L’expérience de guerre de Rebatet révèle sa cruauté profonde. Initié au maniement d’une mitrailleuse, la F.M. 24, il jouit à l’idée de pourvoir tuer ses ennemis : « O mitrailleuse si souvent caressée en rêve, devant les ignobles troupeau du Front Populaire, les estrades de Blum, de Thorez, de Daladier, de La Rocque, les ghettos dorés et les Sodomes des fêtes bien parisiennes ! » Plus tard, il semble se prendre d’affection pour un Juif du nom de Worms avec qui il partage une passion pour la peinture et la musique. Tous deux sont des hommes cultivés, le rapprochement est donc inévitable. Rebatet prétend avoir de la sympathie et de l’indulgence pour l’homme avec lequel il forme « une paire d’amis ». Balivernes ! Rien n’est plus fort chez Rebatet que son aversion pour les Juifs. « Mais au fond de moi-même, pas l’ombre d’une faiblesse sentimentale. Je lui ferais, je l’affirme, s’il était utile, couper la tête sans ciller », avoue-t-il.
Rebatet, personnage à l’antipatriotisme assumé, éprouve un « frisson de jubilation » lorsqu’il apprend l’échec de l’opération de Norvège. Plus encore, il voit dans la capitulation un « acte de souveraineté nationale ». Il substitue à la germanophobie maurrassienne une anglophobie assassine et refuse selon lui que la France devienne la chair à canon de la perfide Albion. « La défaite payait mieux que la victoire », juge Rebatet à l’annonce de l’armistice et de la composition du gouvernement autoritaire de Pétain.
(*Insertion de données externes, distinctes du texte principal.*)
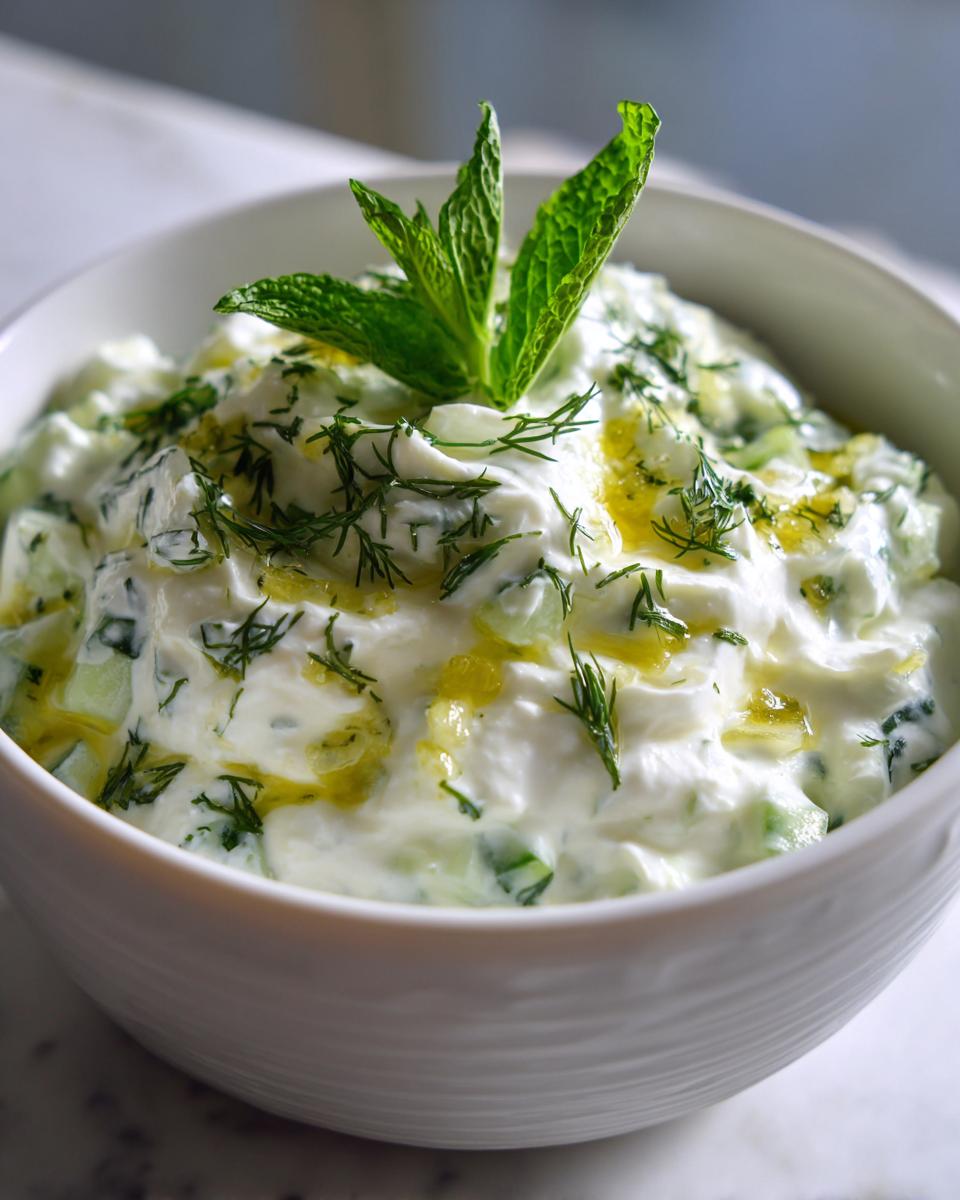 A close-up of creamy Tzatziki sauce in a white bowl, garnished with fresh mint, dill, and a drizzle of olive oil.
Collaborationniste zélé, finalement plus allemand que français, traître absolu à la nation, homme d’une lâcheté sans nom que Céline décrira avec un humour acide dans D’un château l’autre, Rebatet demeure un cas particulier dans la démonologie littéraire de la période 39-45. Condamné à mort à la libération, gracié en 1947 par le gouvernement Auriol, Rebatet renoncera à sa vocation de pamphlétaire et publiera en 1951 son œuvre maîtresse commencée à Sigmaringen : Les Deux Étendards.